Fear not! R users realized this issue and developed the renv package to deal with it. In conjunction with an R project, renv records all the packages and versions used in that project. It also creates a private project package library installing a copy of all the required packages and isolating your projects from each other, even if they use mutually incompatible versions of other packages. As you continue to work on a project and perhaps use additional packages, update packages you are already using, or remove the need for a given package, renv keeps track of all this to keep the project’s private library up-to-date and as small as possible.

In general, it is not necessary to initiate renv while you are actively working on a project on your own (since you know whether or not your code works on your machine with your versions of everything). However, it can be helpful to use it right from the start if you actively collaborate with others.

Once you’ve installed the renv package, you have the option to initiate it when you make a New Project.

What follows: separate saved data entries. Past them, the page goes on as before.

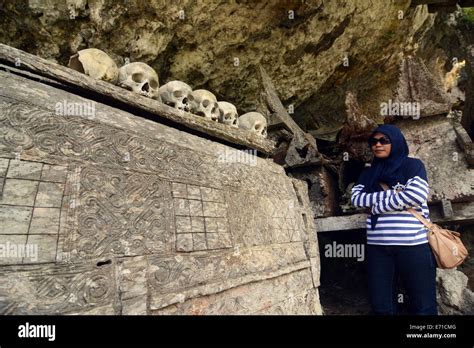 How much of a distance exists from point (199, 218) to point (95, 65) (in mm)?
1568

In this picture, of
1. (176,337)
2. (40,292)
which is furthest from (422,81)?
(40,292)

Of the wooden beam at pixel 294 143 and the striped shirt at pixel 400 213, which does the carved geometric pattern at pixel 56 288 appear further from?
the wooden beam at pixel 294 143

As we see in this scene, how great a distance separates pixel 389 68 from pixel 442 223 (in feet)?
22.0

Otherwise, you can initiate renv in an existing project like so.

# Package version control
library(renv)

renv::init()

For those unfamiliar with R’s :: syntax, this allows you to call functions from a specific package. It is required when more than one package uses the exact same name for a function. In this case, we use it to specify that we want R to use the init function from renv instead of init from Git.

This function may run a long time because renv is looking for all the packages used in any R files within the project. In our case, that means all of the packages within the tidyverse. The discovered packages are then installed into a project library, called a lock file. You can find the lock file in your project folder.

Since the purpose of init() is to create the lock file, you only need to run this function once per project. You don’t need to rerun it every time you open the project.

As you work on a project, you will load new packages (or maybe you will install more recent versions of the packages you are already using). Then, you will need to update the library with new packages or versions as needed,

renv::snapshot()

Now, let’s say that you return to a given project after a long time. Then, you may want to return all of your packages to the state that is saved in the lock file:

renv::restore()

This won’t change your package versions outside of the project you are working on. It will simply make sure that, while you work inside a given project, all your packages match the version saved in the lock file.

With renv, your project is isolated, portable, and reproducible.

While we’re on the topic of versions, you also need to record the version of R and your current computing platform (operating system and hardware architecture) to ensure reproducibility. You can easily print all this information in R with sessionInfo().

4.7.1 Collaborating with renv

This package is also great for collaboration because it ensures that you and your collaborators work with identical package versions. What works on your computer should also work on your collaborator’s computers.

You’re probably sharing your project directory with your collaborator if you are collaborating. For instance, you may upload your directory on GitHub so that your collaborator can clone (download) it to their computer (more on collaboration with GitHub later). If the project includes a lock file, your collaborators can then execute renv::restore() to automatically install the packages declared in that lock file into their private project library. By doing this, they will now be able to work within your project using the exact same R package versions that you were using when generating/updating the lock file.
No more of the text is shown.